Nel 1972 anno di esordio della 200 Miglia il successo fu enorme , ma nel 1973 fu un autentico “boom” di pubblico sfiorando i 100.000 spettatori , ricordo la mia partenza di buon’ora da Fiesso Umbertiano (RO) accompagnato da mio padre a bordo del Fiat 1100 D familiare di Angelo Tomaini “angiolin” fratello di Antonio ingegnere in Ferrari ai tempi di Lauda, Regazzoni, Villeneuve e Scheckter . Arrivati ad Imola in prima mattinata abbiamo raggiunto il circuito dopo un camminata di 2 chilometri (era impossibile parcheggiare nei pressi del circuito), percorrere la distanza parcheggio –circuito non fu ne faticoso ne noioso anzi camminare con moto che ti passavano di fianco e moto parcheggiate per me , bimbo di 9 anni , era un mondo nuovo , un’autentica goduria.
Quello che vi voglio parlare è della seconda manche (la 200 Miglia di Imola veniva disputata in 2 manche di 100 miglia cadauna) , ebbene non so per quale motivo , o almeno non lo ricordi di preciso , ma all’inizio di tale manche ci ritrovammo tutti e tre a bordo pista , dietro una fila di balle di paglia , alla mitica curva della Tosa , nella zona di frenata.
Ricordo di aver visto tutta la gara in quella posizione con moto che ci passavano a non più di 20 metri per imboccare il tornante della Tosa , ancor oggi ricordo i rombi delle 4 tempi (la gara era aperta a tutte le cilindrate da 350 a 750 e sia a motori a 2 e 4 tempi) e l’inconfondibile odore di ricino dei 2 tempi.
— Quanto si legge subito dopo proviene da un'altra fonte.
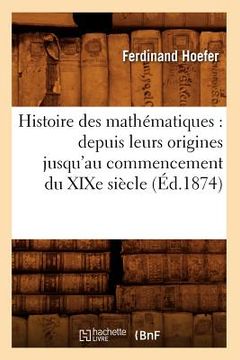 portada Histoire Des Mathématiques: Depuis Leurs Origines Jusqu'au Commencement Du XIXe Siècle (Éd.1874) (in French)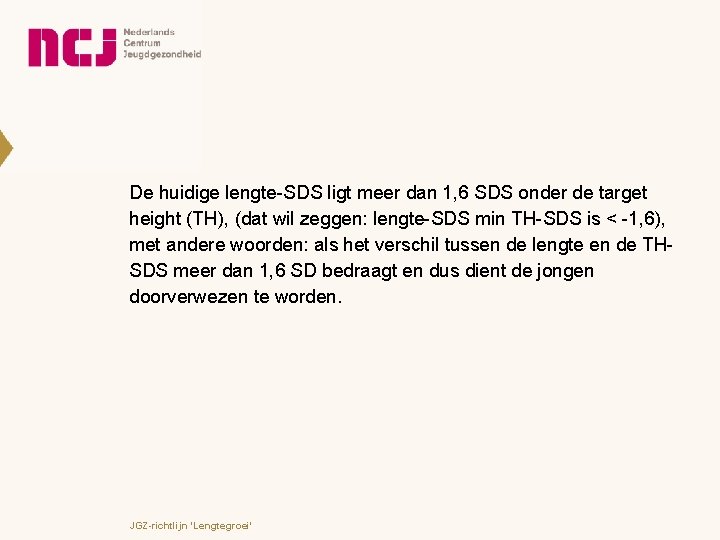 De huidige lengte-SDS ligt meer dan 1, 6 SDS onder de target height (TH),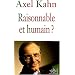 Raisonnable et Humain ?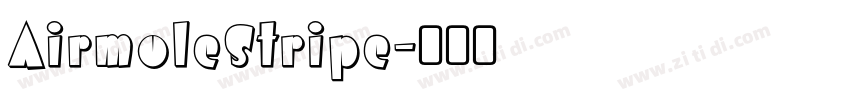 AirmoleStripe字体转换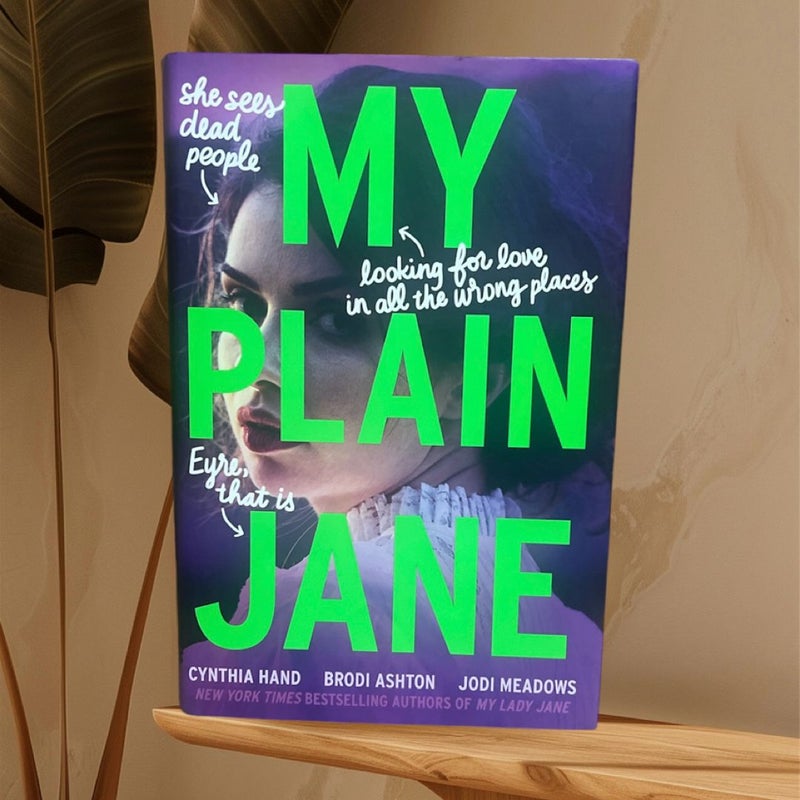 (SIGNED) My Plain Jane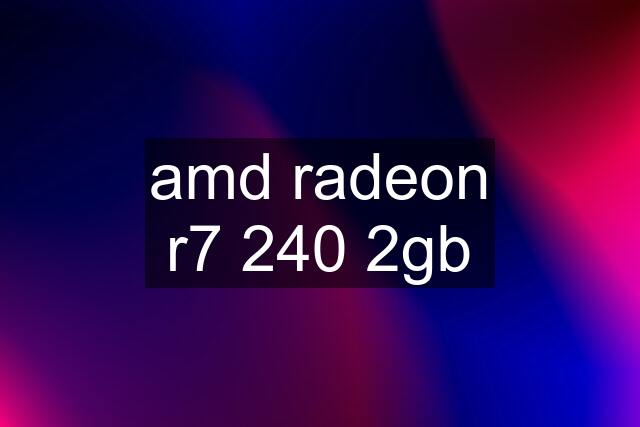 amd radeon r7 240 2gb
Sono ancora impressi nella mia mente (per fortuna godo di ottima memoria) i diversi stili di guida , a quel tempo erano neofiti i piloti che guidavano sporgendo il ginocchio interno alla curva fino a sfiorare l’asfalto. Un pilota in particolare rimase nella mia memoria sia perché era bello da vedere, guidava col ginocchio a terra , sia perché sembrava correre con una moto più piccola delle altre , ma soprattutto perché andava maledettamente forte, Jarno Saarinen.
La gara fu vinta dal grande Jarno a bordo della piccola Yamaha TZ 350 (bicilindrica a tempi) seguito nell’ordine da Bruno Spaggiari (Ducati), Walter Villa (Kawasaki) , Tevuo Lansivuori (Yamaha) e Kel Carruthers (Yamaha) , alla gara parteciparono piloti di tutti i continenti , ricordo tra i ritirati Renzo Pasolini e Barry Sheene.
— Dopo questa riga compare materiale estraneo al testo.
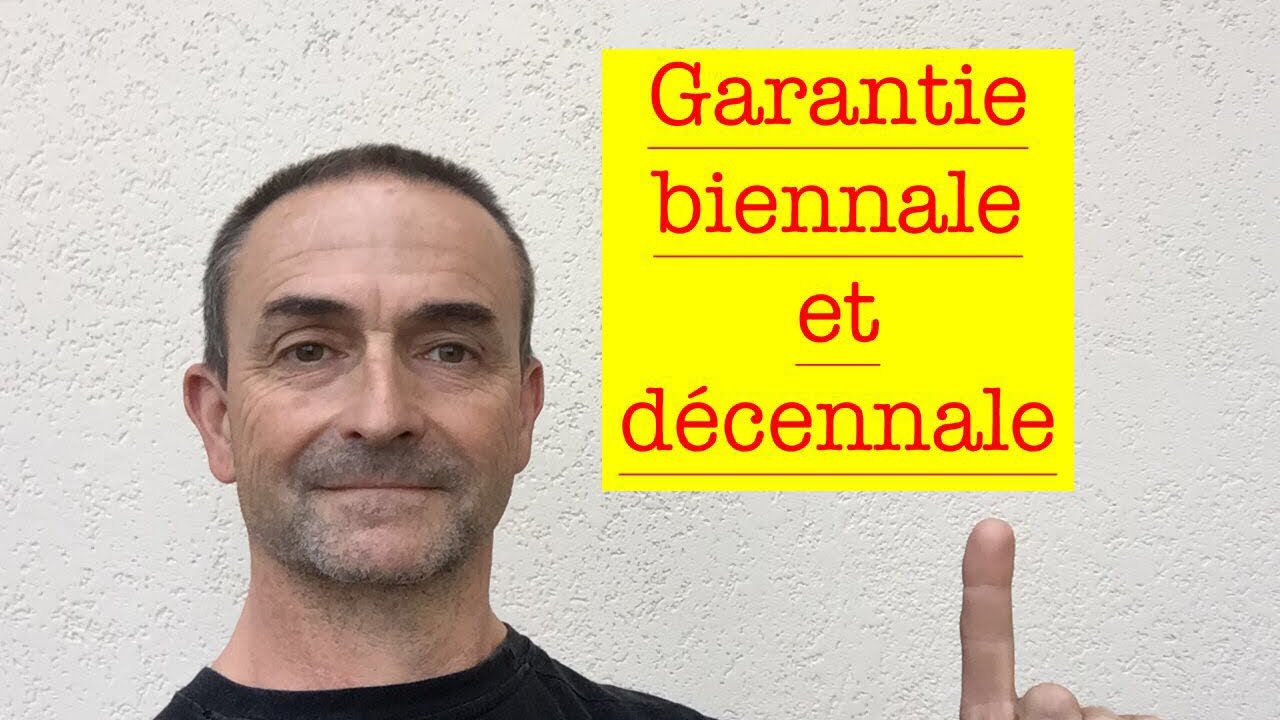 TUTO : LA GARANTIE BIENNALE ET DÉCENNALE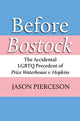 Book cover of: Before Bostock. By: Jason Pierceson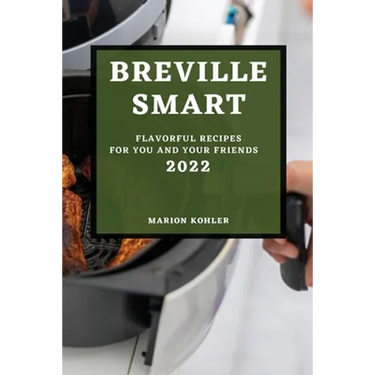 Breville Smart 2022: Flavorful Recipes for You and Your Friends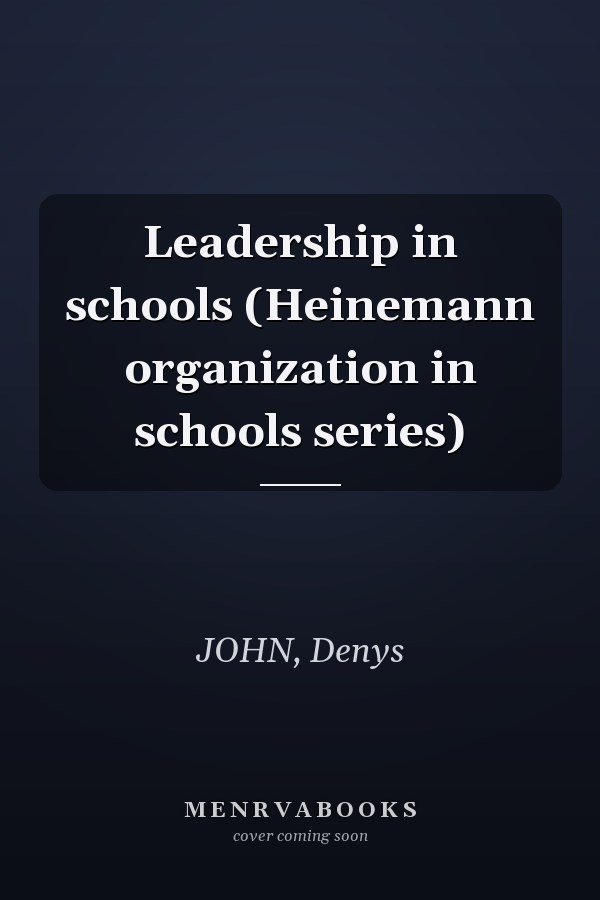 Leadership in schools (Heinemann organization in schools series)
Finita la gara tutti di corsa al guardrail all’esterno della Tosa dove vi erano appoggiate le moto cadute durante la gara , ricordo che non volevo più uscire dalla pista tanto era il piacere di vedere da vicino moto da competizione e poterle accarezzare con la mano. Alla fine mi convinsero e il ritorno al parcheggio furono 2 chilometri pieni di adrenalina , con bolidi che sgassavano, rombanti accelerate e qualche impennata lungo le vie della cittadina romagnola, un’autentica fiera della moto.
Fu la prima e ultima volta che vidi correre dal vivo Saarinen e Pasolini, i quali purtroppo ci lasciarono per sempre un mese dopo , il 20 maggio in un tragico Gran Premio delle Nazioni a Monza. Ma questa è un’altra storia.